Holmgren G, Sjöholm L, Stark M
Department of Women's and Children's Health, Uppsala University, Sweden.
Acta Obstet Gynecol Scand. 1999 Aug;78(7):615-21.
A method description is given for the Misgav Ladach method for cesarean section. This is based on the Joel-Cohen incision originally introduced for hysterectomy.
The incision is a straight transverse incision somewhat higher than the Pfannenstiel incision. The subcutaneous tissue is left undisturbed apart from the midline. The rectus sheath is separated along its fibres. The rectus muscles are separated by pulling. The peritoneum is opened by stretching with index fingers. The uterus is opened with an index finger and the hole enlarged between the index finger of one hand and the thumb on the other. The uterus is closed with a one-layer continuous locking stitch. The visceral and parietal peritoneal layers are left open. The rectus muscle is not stitched. The rectus sheath is stitched with a continuous non-locking stitch. The skin is closed with two or three mattress sutures. The space in between is apposed with non-traumatic forceps for 5 minutes.
The basic philosophy is to work in harmony with the body's anatomy and physiology and not against them. The method is restrictive in the use of sharp instruments, preferring manual manipulation.
The method gives quicker recovery, less use of post-operative antibiotics, antifebrile medicines and analgesics. There is a shorter anesthetic and shorter working time for the operative team. It is suitable for both emergency and planned operations.

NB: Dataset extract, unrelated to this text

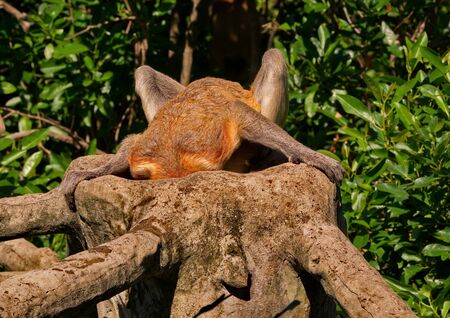 Malaysia. The long-nosed monkey or kahau (lat. Nasalis larvatus) is a species of Distributed...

介绍了剖宫产的米斯加夫·拉达赫(Misgav Ladach)方法。该方法基于最初为子宫切除术引入的乔尔-科恩(Joel-Cohen)切口。
切口为一条比耻骨联合上横切口稍高的横向直切口。除中线外,皮下组织不予触动。沿腹直肌鞘纤维进行分离。通过牵拉分离腹直肌。用食指撑开打开腹膜。用食指打开子宫,并用一只手的食指和另一只手的拇指扩大切口。子宫用单层连续锁边缝合关闭。脏腹膜层和壁腹膜层保持开放。腹直肌不缝合。腹直肌鞘用连续非锁边缝合。皮肤用两到三针褥式缝合关闭。中间间隙用无损伤钳夹闭5分钟。
基本理念是顺应身体的解剖结构和生理机能,而非与之相悖。该方法限制锐器的使用,更倾向于手法操作。
该方法恢复更快,术后抗生素、退烧药和镇痛药的使用量更少。手术团队的麻醉时间和手术时间更短。它适用于急诊手术和择期手术。